- **Exercise**:
What you return should match the listing exactly, minus its images.

- **Dataset extract**:
============================================================

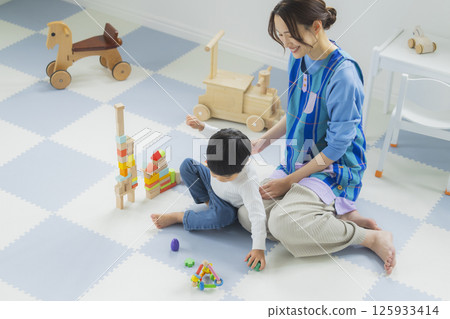 一個玩積木的孩子和一個穿著圍裙的女人 125933414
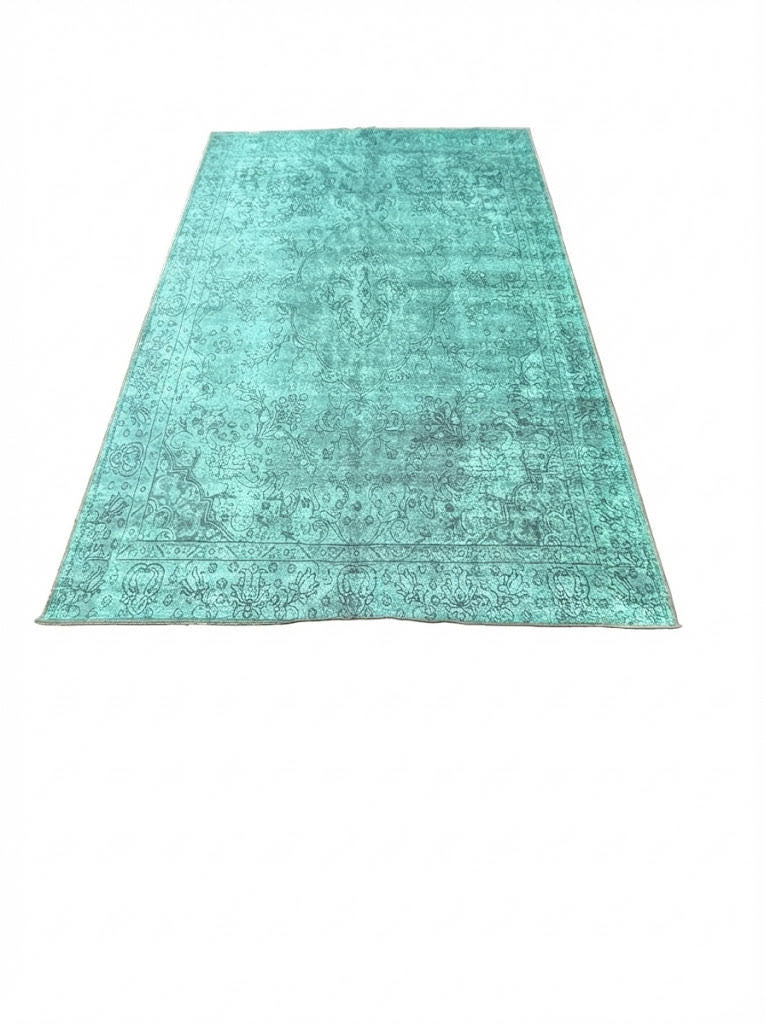 6' x 9' teal blue distressed vintage-style washable area rug featuring subtle charcoal and gray detailing with a non-slip backing.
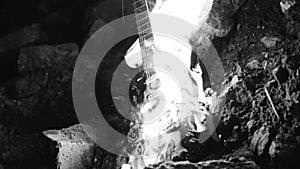 Black and white footage of a burning electric guitar. The atmosphere of the Apocalypse.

============================================================

- **Result of this exercise**:
 一個玩積木的孩子和一個穿著圍裙的女人 125933414
 6' x 9' teal blue distressed vintage-style washable area rug featuring subtle charcoal and gray detailing with a non-slip backing.
 Black and white footage of a burning electric guitar. The atmosphere of the Apocalypse.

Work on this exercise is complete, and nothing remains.